Agro-Business Education

Education comes in different forms; people can always self-educate or go to an institution. For Rotimi, he believes that every Professor has an article on Google. So he self-educated himself through online research and with the help of an Agronomist, implemented what he read.

However that may not work for all things as some need experts. Learning only from experience can be risky and more expensive.

For Rotimi, mentorship is a little overrated and can be a dream killer if the mentee isn’t intentional about his personal journey. So he always preaches self-belief and his reason is simple; “I can tell people my experience, but since my experience and yours will be different, it’s left to you to pick what makes sense from it and dump the junk. But that should never determine your own journey.” Rotimi firmly believes that if you want to do anything, you shouldn’t have to depend on anyone who has done it before. You should be able to try it for yourself.

As a hobby, Rotimi paints. As we sat in the Café, he proudly pointed to some of his works which hung beautifully on the walls and gladly showed me more paintings on his Instagram page. He paints for fun, but when he started it never really made sense. He started small, but people only appreciated it when the results showed forth.

He only started painting in December 2016 when he purchased a painting in an art exhibition in Abuja. “On taking it back to my room, I started wondering why I spent so much money on the painting. It took sleep from me,” He chuckled as he recalled the experience. He then decided to duplicate the painting and to learn the art, he had to watch an artist paint while he practiced himself, using online videos as a support learning tool. By May 2017, Rotimi was able to sell some of his paintings in Lagos for some good money. For him, he didn’t need to go to art school to sell paintings.

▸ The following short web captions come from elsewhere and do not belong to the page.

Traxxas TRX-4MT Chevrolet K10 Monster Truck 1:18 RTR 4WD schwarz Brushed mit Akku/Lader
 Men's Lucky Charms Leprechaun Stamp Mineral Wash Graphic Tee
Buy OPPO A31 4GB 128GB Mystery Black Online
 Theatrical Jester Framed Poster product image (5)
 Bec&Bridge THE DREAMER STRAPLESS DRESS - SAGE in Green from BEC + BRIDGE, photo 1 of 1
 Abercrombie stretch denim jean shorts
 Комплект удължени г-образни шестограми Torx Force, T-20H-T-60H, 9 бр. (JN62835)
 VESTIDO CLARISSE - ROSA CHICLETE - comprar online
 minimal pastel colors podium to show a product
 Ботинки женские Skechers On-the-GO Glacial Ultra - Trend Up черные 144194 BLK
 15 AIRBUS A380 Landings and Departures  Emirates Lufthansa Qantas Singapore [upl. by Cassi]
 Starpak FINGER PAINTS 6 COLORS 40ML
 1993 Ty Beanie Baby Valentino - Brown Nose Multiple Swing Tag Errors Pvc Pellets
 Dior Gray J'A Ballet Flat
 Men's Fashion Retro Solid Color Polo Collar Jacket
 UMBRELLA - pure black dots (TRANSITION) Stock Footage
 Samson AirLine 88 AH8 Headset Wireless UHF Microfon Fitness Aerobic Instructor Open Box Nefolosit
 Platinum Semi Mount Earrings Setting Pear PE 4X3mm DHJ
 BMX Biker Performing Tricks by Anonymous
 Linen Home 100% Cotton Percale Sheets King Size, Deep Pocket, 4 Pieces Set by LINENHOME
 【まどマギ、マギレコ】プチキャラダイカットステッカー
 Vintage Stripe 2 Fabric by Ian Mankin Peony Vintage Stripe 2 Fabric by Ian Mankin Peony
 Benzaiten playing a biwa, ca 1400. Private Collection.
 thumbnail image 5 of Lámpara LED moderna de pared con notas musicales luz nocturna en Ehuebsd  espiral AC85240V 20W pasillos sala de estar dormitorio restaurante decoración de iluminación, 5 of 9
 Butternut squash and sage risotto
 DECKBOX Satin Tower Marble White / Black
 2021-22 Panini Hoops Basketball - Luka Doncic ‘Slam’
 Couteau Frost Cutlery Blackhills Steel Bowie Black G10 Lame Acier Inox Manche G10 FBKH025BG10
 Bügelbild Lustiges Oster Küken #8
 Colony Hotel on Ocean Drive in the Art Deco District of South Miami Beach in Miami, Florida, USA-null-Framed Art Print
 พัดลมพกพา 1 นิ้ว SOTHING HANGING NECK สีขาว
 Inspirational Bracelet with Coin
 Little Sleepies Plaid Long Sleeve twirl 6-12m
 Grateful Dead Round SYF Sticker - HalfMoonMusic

Self-education did the trick.

 

On Growth

“As it grows, the smart thing to do will be to involve my wife more so that we don’t spend too much time apart. Otherwise there’ll be problem.” He stated as he relaxed back on his seat, smiling. His goal is to become more of a corporate farmer than an active one, so he has more time to think of how to grow the business, while an expert who knows the business oversees it. He understands that he can’t get rich by always standing on the farm.

“I’ve been in this business for about 5 years. And if you start seeing any decent profits before 5 years, then something is wrong,” He stated.“It probably means you’re no longer scaling or there’s something you’re not doing.”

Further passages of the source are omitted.